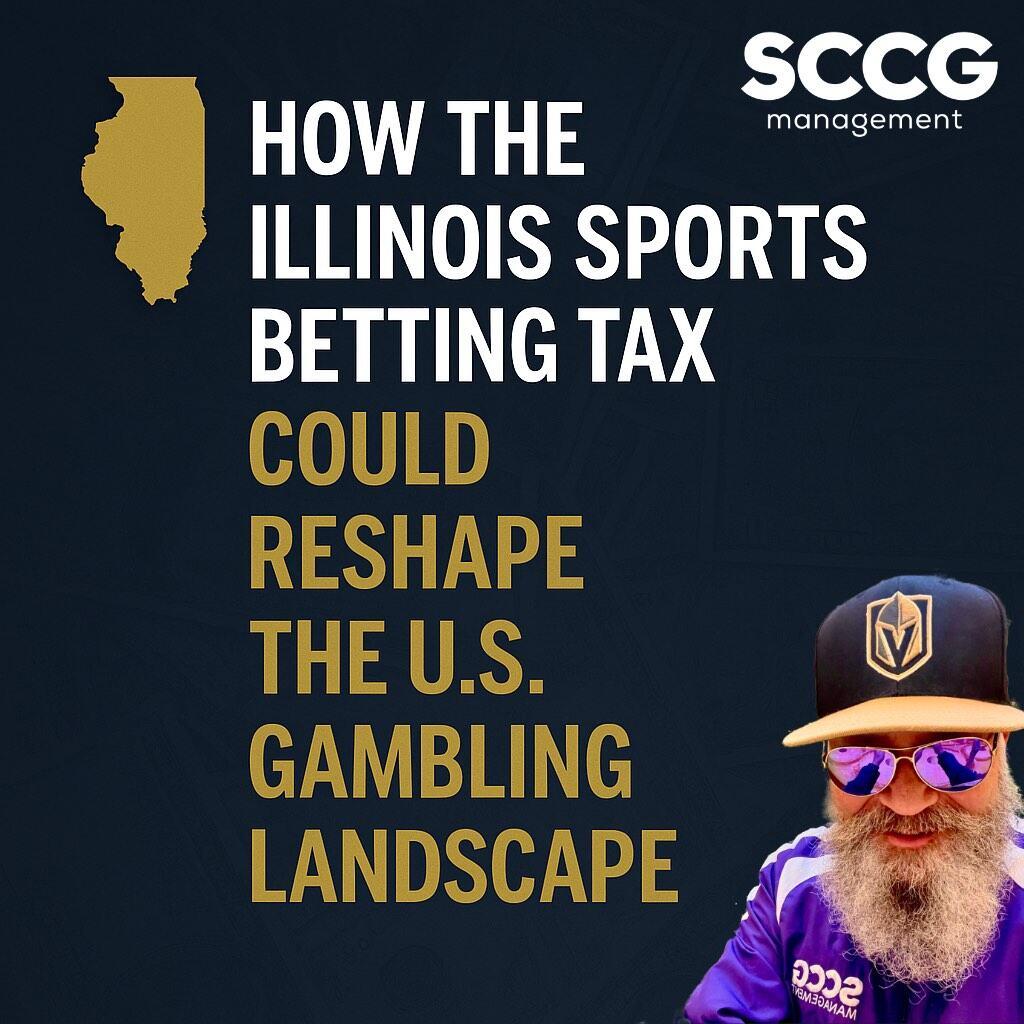 Illinois Introduces New Taxes on Sports Betting, Tobacco, and More in State Budget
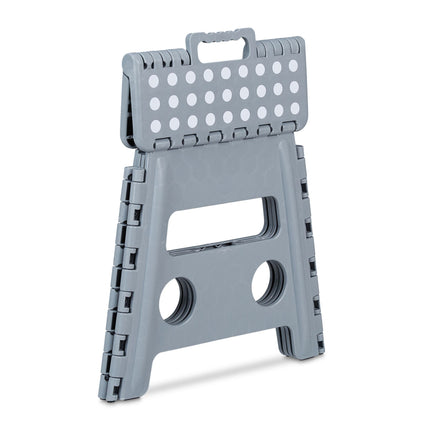 Tabouret pliant L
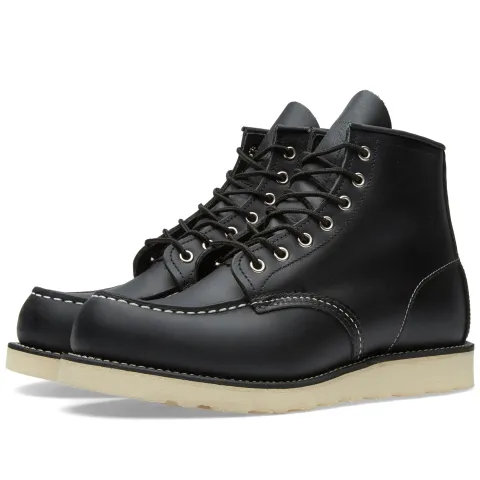 8130 Heritage Work 6" Moc Toe Boot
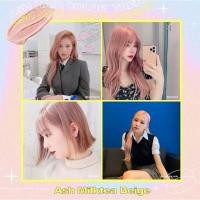 ราคา Freshful Crush Hair Color สีใหม่ ASH MILKTEA BEIGE กำลังฮิตมากในตอนนี้ โทนสีเบจประกายออกชมพูเบจ (21221057801)
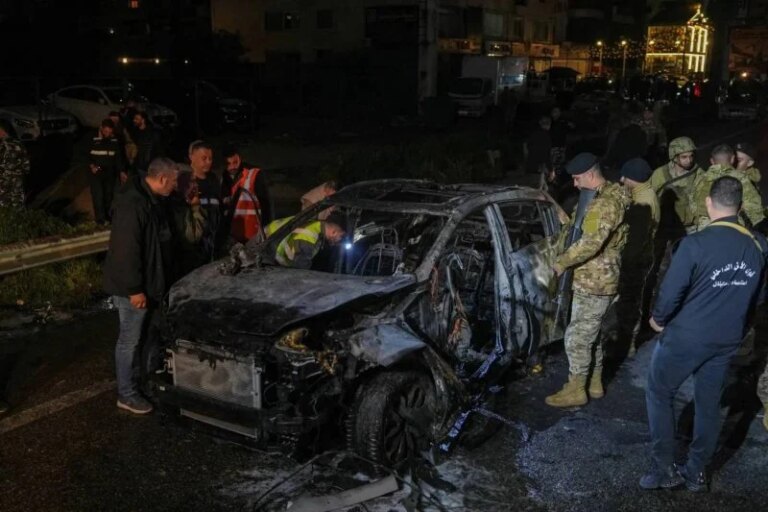 Leak of crucial information reveals details of the assassination of the leader of the “Southern Front”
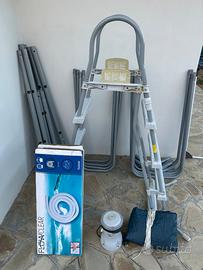 Parti ricambio piscina bestway 4x2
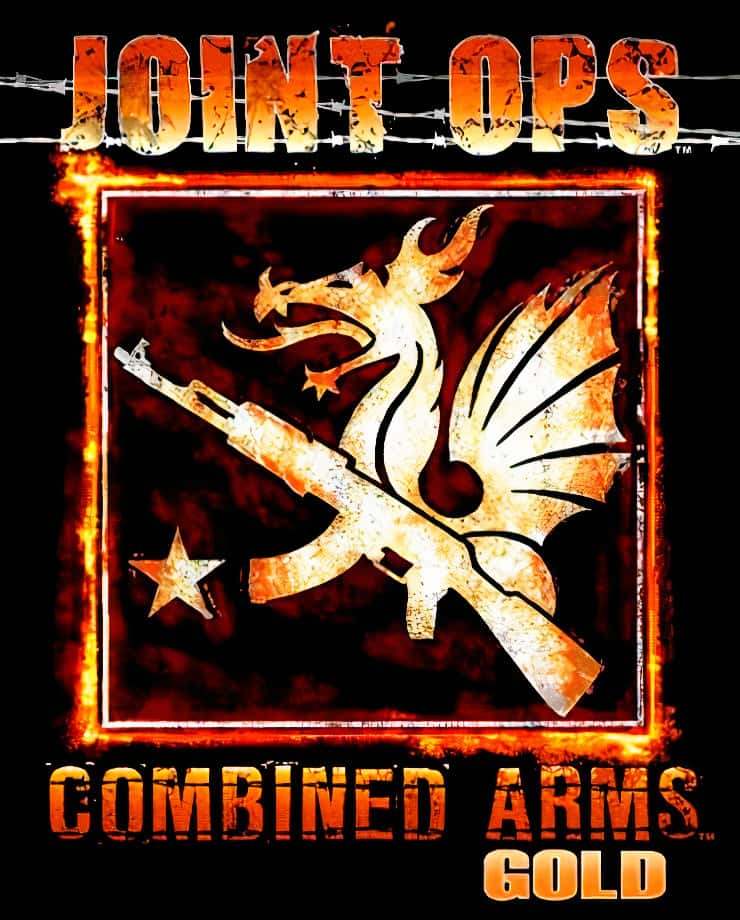 

Игра для PC Joint Operations: Combined Arms Gold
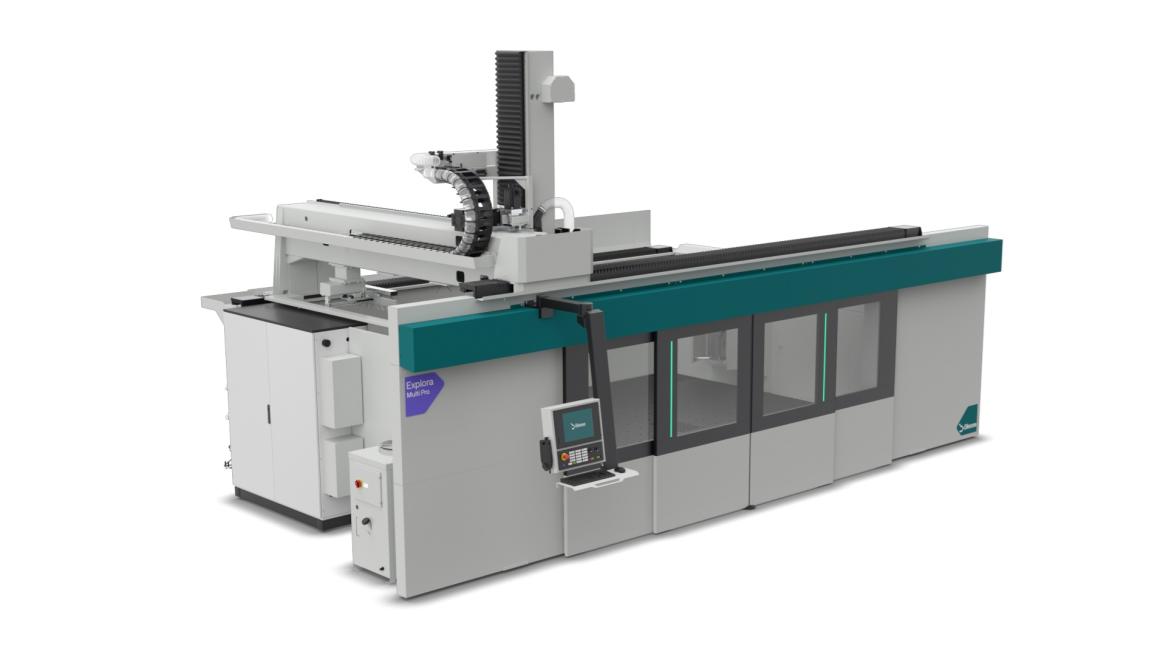 Biesse Explora Multi Pro M L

* * * * *

● **TASK TO COMPLETE**: Your copy should hold only the lines running from the one that contains "ราคา Freshful Crush" through the final line of the data; transcribe them exactly, both ends included, and leave pictures out.

● **REPLY TO THE EXERCISE**:
 ราคา Freshful Crush Hair Color สีใหม่ ASH MILKTEA BEIGE กำลังฮิตมากในตอนนี้ โทนสีเบจประกายออกชมพูเบจ (21221057801)
 Leak of crucial information reveals details of the assassination of the leader of the “Southern Front”
 Parti ricambio piscina bestway 4x2

Игра для PC Joint Operations: Combined Arms Gold
 Biesse Explora Multi Pro M L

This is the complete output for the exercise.